Problem requirements
The exact lines from the start of the material below through the line holding "Postal Arte Poster" are the answer; return those, pictures excluded.
━━━━━━━━
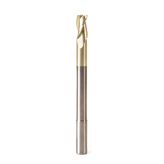 46593 Extra Long CNC 2D and 3D Carving Flat Bottom 0.10 Deg Straight Angle x 1/2 Dia x 1  x 1/2 Shank x 6 Inch Long x 3 Flute Solid Carbide ZrN Coated Reduced Shank Router Bit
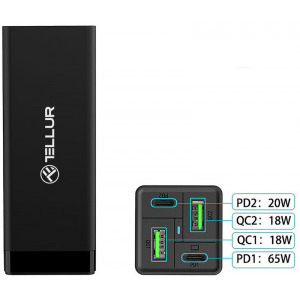 Tellur PDHC2 65W, EU, UK, US, Black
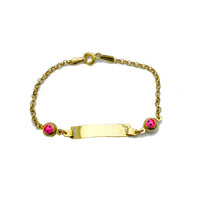 Pink Happy Face Rolo Baby ID Bracelet (14K).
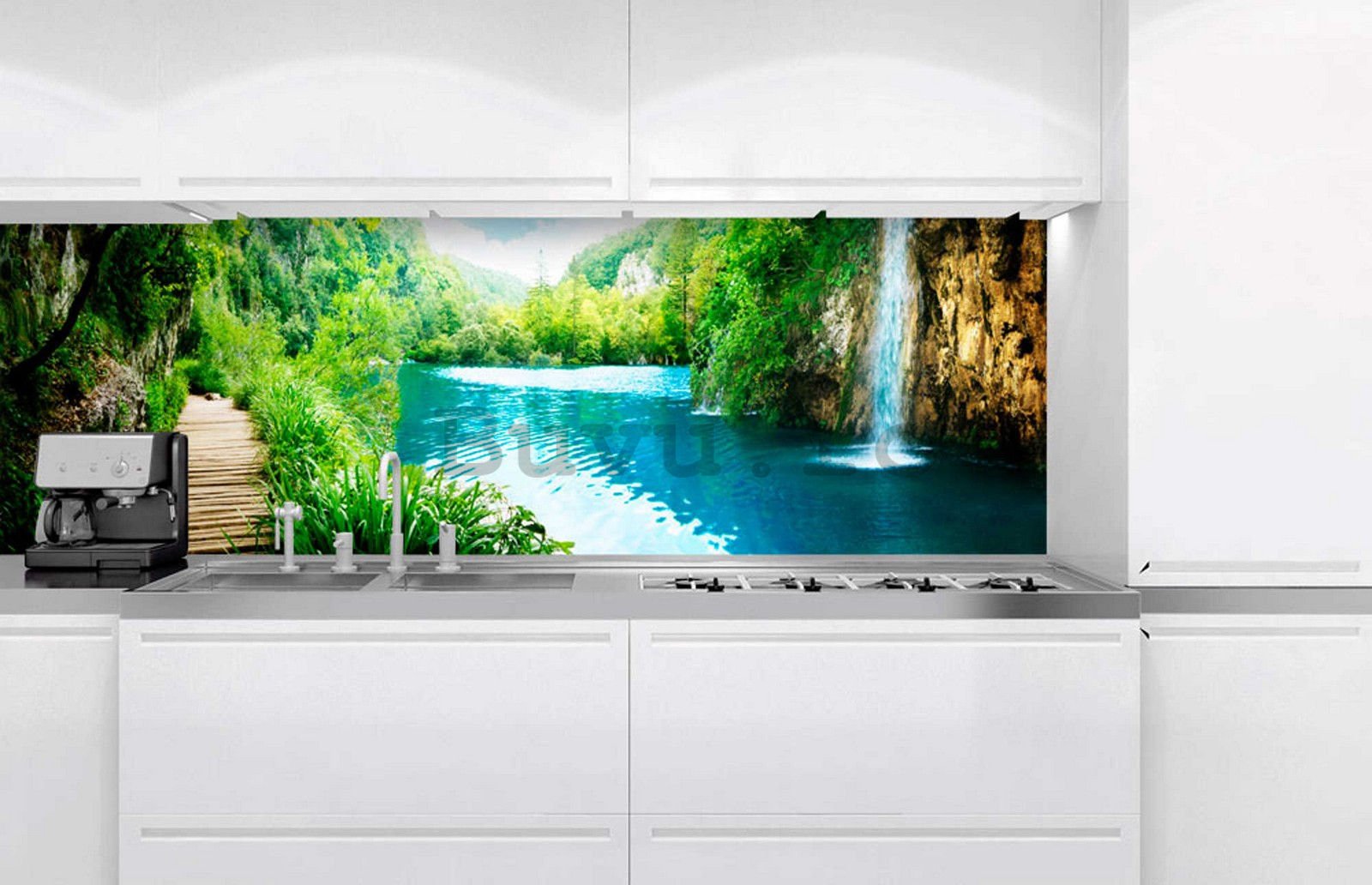 Fototapet autoadeziv lavabil pentru bucătărie - Lacurile Plitvice, 180x60 cm
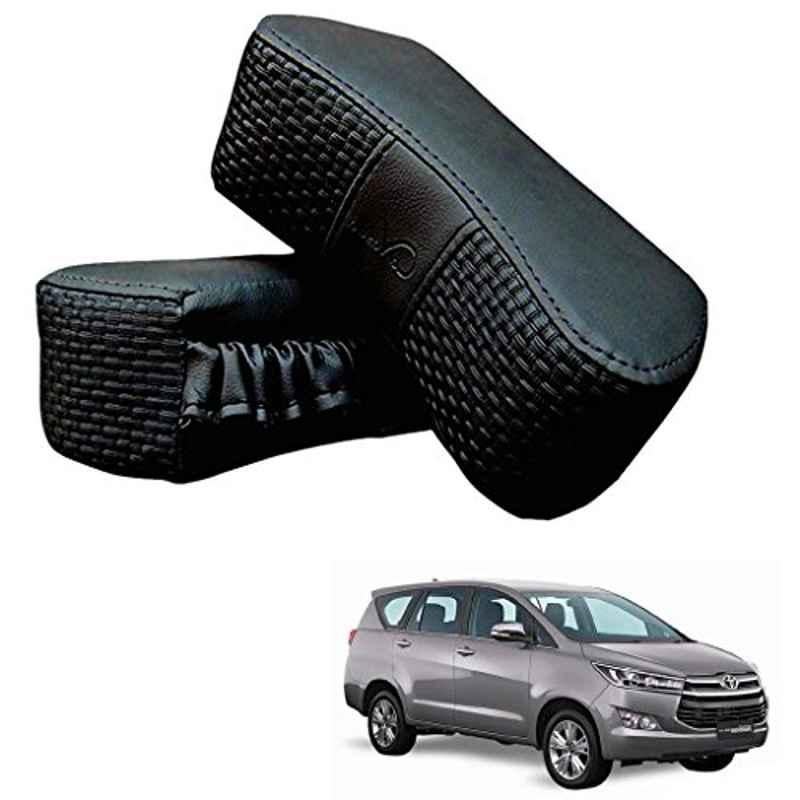 Kozdiko 2 Pcs Memory Foam Black Luxurious Neck Rest Set for Toyota Innova Crysta, koz_25753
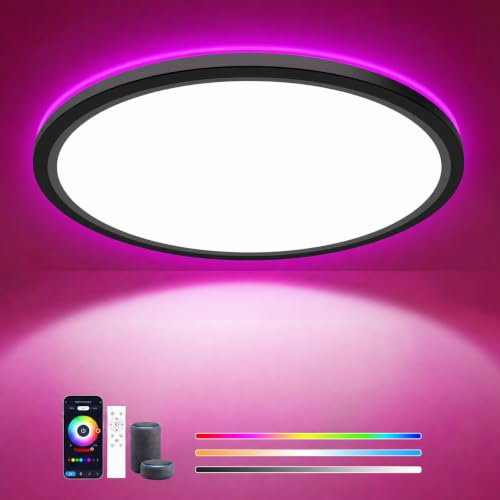 zemty LED Deckenleuchte Dimmbar mit Alexa, APP-Steuerung, Fernbedienung | 24W 3200LM 30CM Deckenlampe RGB Farbwechsel, 3000K-6500K Schwarz Badezimmer Lampe für Kinderzimmer Schlafzimmer Jugendzimmer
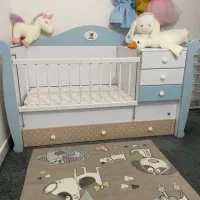 تخت و کمد کودک تم آبی سفیدخرس|تخت و سرویس خواب|قشم, |دیوار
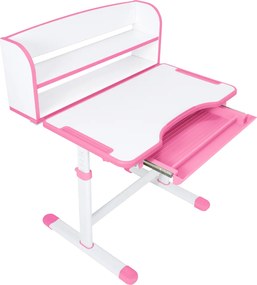Növekvő íróasztal és szék, rózsaszín/fehér, set ZION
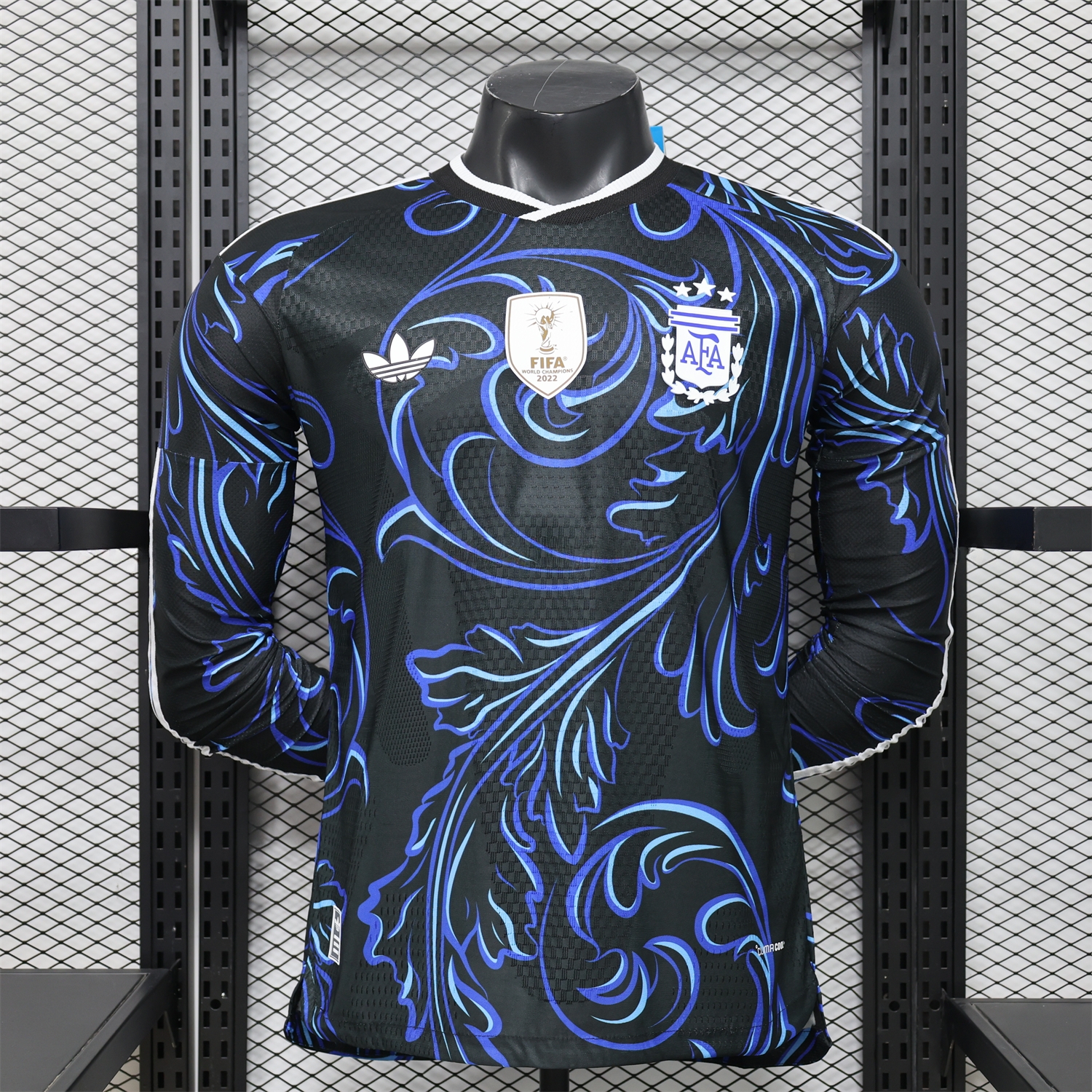 Argentina 2026 Away Deep Blue Long Sleeves Jersey - Player Version - JerseysGala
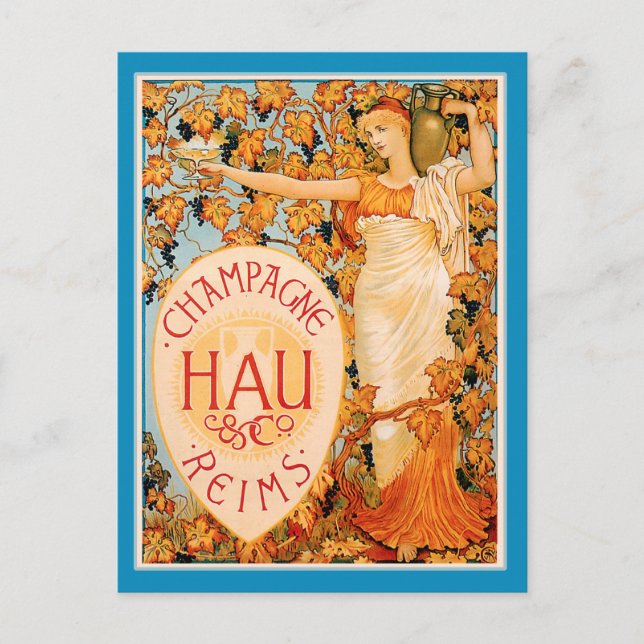 Postal Arte Poster Art Nouveau de Champagne (Anverso)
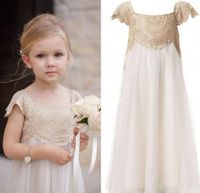 2017 Vintage Flower Girl Dresses for Bohemia Wedding Cheap Floor Length Cap Sleeve Empire Champagne Lace Ivory Tulle First Communion Dresses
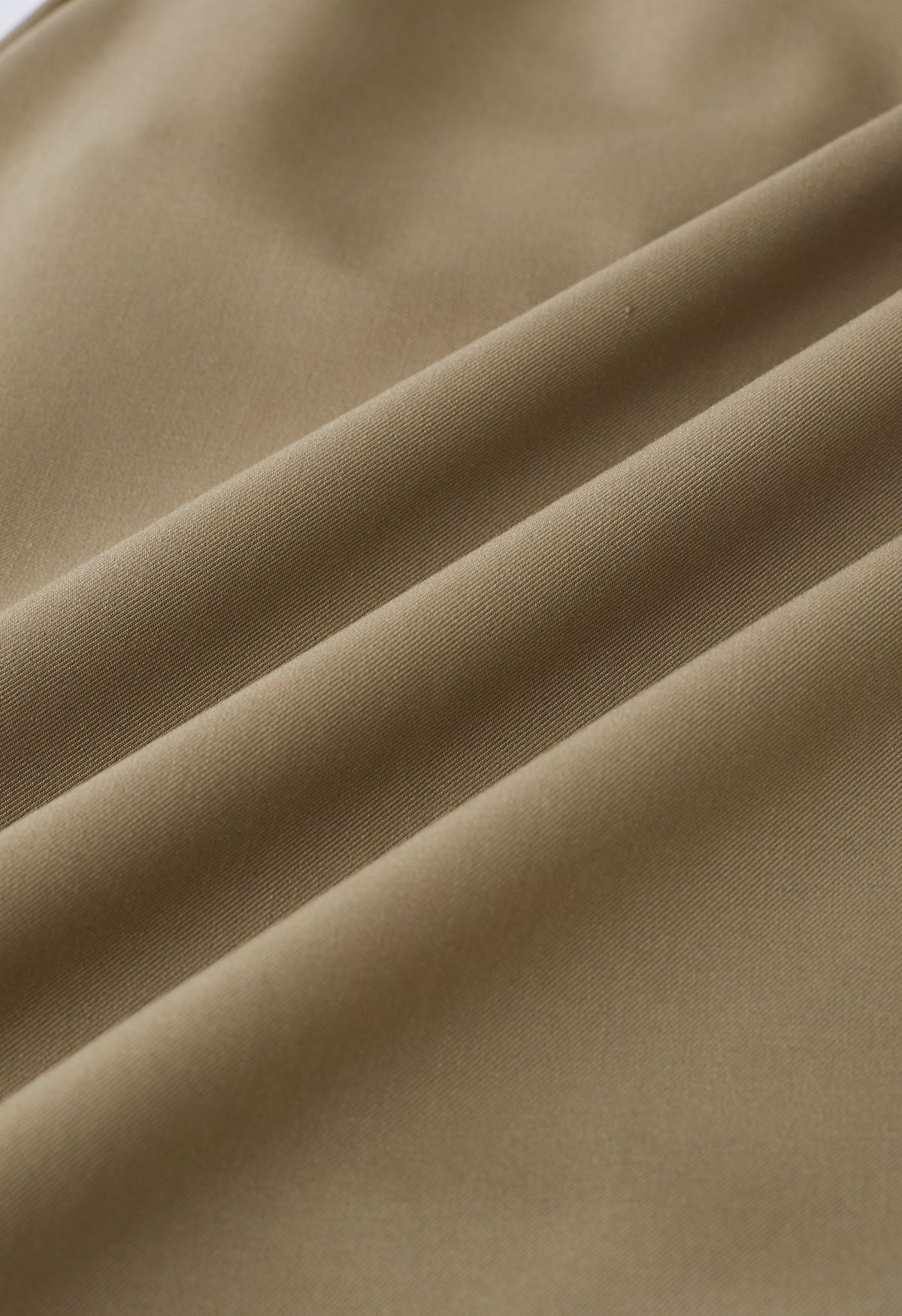 Seam Detailing Pleated A-Line Skirt in Khaki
━━━━━━━━
Solution to this task
 46593 Extra Long CNC 2D and 3D Carving Flat Bottom 0.10 Deg Straight Angle x 1/2 Dia x 1  x 1/2 Shank x 6 Inch Long x 3 Flute Solid Carbide ZrN Coated Reduced Shank Router Bit
 Tellur PDHC2 65W, EU, UK, US, Black
 Pink Happy Face Rolo Baby ID Bracelet (14K).
 Fototapet autoadeziv lavabil pentru bucătărie - Lacurile Plitvice, 180x60 cm
 Kozdiko 2 Pcs Memory Foam Black Luxurious Neck Rest Set for Toyota Innova Crysta, koz_25753
 zemty LED Deckenleuchte Dimmbar mit Alexa, APP-Steuerung, Fernbedienung | 24W 3200LM 30CM Deckenlampe RGB Farbwechsel, 3000K-6500K Schwarz Badezimmer Lampe für Kinderzimmer Schlafzimmer Jugendzimmer
 تخت و کمد کودک تم آبی سفیدخرس|تخت و سرویس خواب|قشم, |دیوار
Növekvő íróasztal és szék, rózsaszín/fehér, set ZION
 Argentina 2026 Away Deep Blue Long Sleeves Jersey - Player Version - JerseysGala
 Postal Arte Poster Art Nouveau de Champagne (Anverso)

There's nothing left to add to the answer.